Either way, Boozer appears set to leave Cleveland for a six-year, $68 million deal with the Utah Jazz.
Whatever the reason for the differing opinions of the Cavs and Boozer, it's the free-agent forward who is hurting under the barrage of criticism for skipping out on a reported hand-shake deal.
Boozer has declined to comment on the agreement made Thursday to sign an offer sheet July 14 with the Jazz, but a source close to the 22-year-old says the blame is taking its toll on Boozer.
The sentiment on Boozer in the Cleveland area is largely that he is a "backstabbing, double-crossing, money-grubbing Judas," according to the Tribune. Yet, the source told the paper that Boozer contends he did nothing wrong and had been careful not to commit or promise anything to the Cavaliers.
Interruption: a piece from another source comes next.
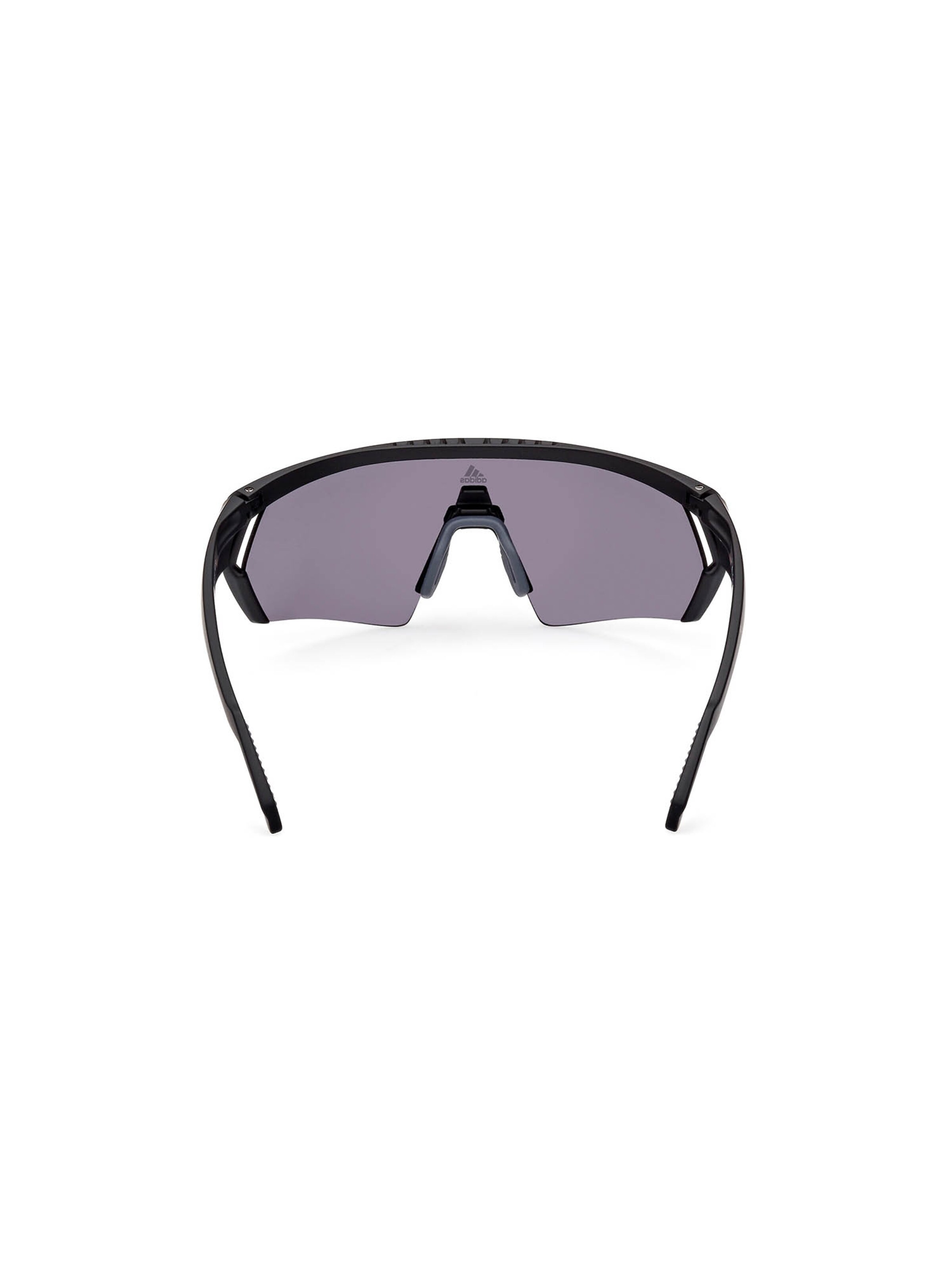 ADIDAS SPORTSWEAR Sports sunglasses in Black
The discrepancy in Boozer's and the Cavs' take on the existence of a gentlemen's agreement hinges on public statements made by Boozer in an interview with The Associated Press on July 1 -- the day Boozer became a free agent when the Cavaliers did not exercise an option in his contract.
At the time, Boozer expressed an intention to re-sign in Cleveland for the team's full mid-level exception -- approximately six years and $40 million. And so, the Cavaliers say, they did not pick up the option.
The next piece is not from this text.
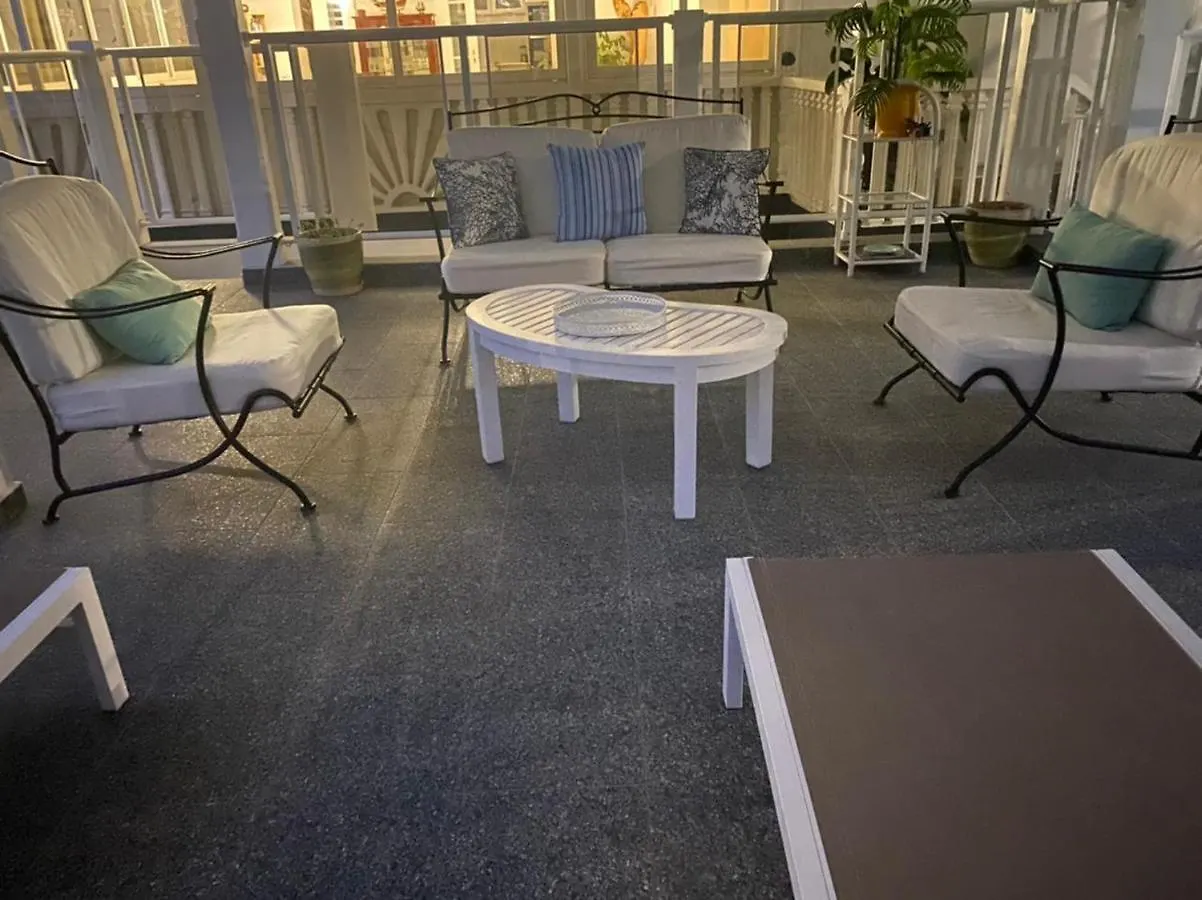 Krys-Loc Apartment Le Gosier  0*, Le Gosier (Grande-Terre)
"Our actions have been based upon what Carlos told us he
wanted," the Cavaliers said in a statement Thursday by owner Gordon Gund
and general manager Jim Paxson.
"We are both very surprised and very disappointed."
But, according to the Tribune's source, Boozer did not agree to anything -- both because of NBA rules and his own bargaining position.
"He actually pulled out the collective bargaining agreement," the source told the paper, and noted the clauses prohibiting "undisclosed agreements."
The source, who had knowledge of a June 30 meeting in which the Cavs contend Boozer verbally agreed to re-sign, told the Tribune that Boozer "did tell the Cavs that [he] wanted to be in Cleveland … but did not make a commitment or a promise."
Now, the Cavs are almost certain to lose Boozer. The Cavs have the right to match the Utah offer, but they would have to trade and/or renounce the rights to a number of players to clear enough room to do so.
And Boozer, who just a few weeks ago publicly declared his happiness in Cleveland, is reportedly expressing good feelings about his agreement with the Jazz.
The source told the Tribune that Boozer and his wife, CeCe, "are excited that [Jazz GM] Kevin O'Connor is giving them this opportunity," and look forward to moving to Utah.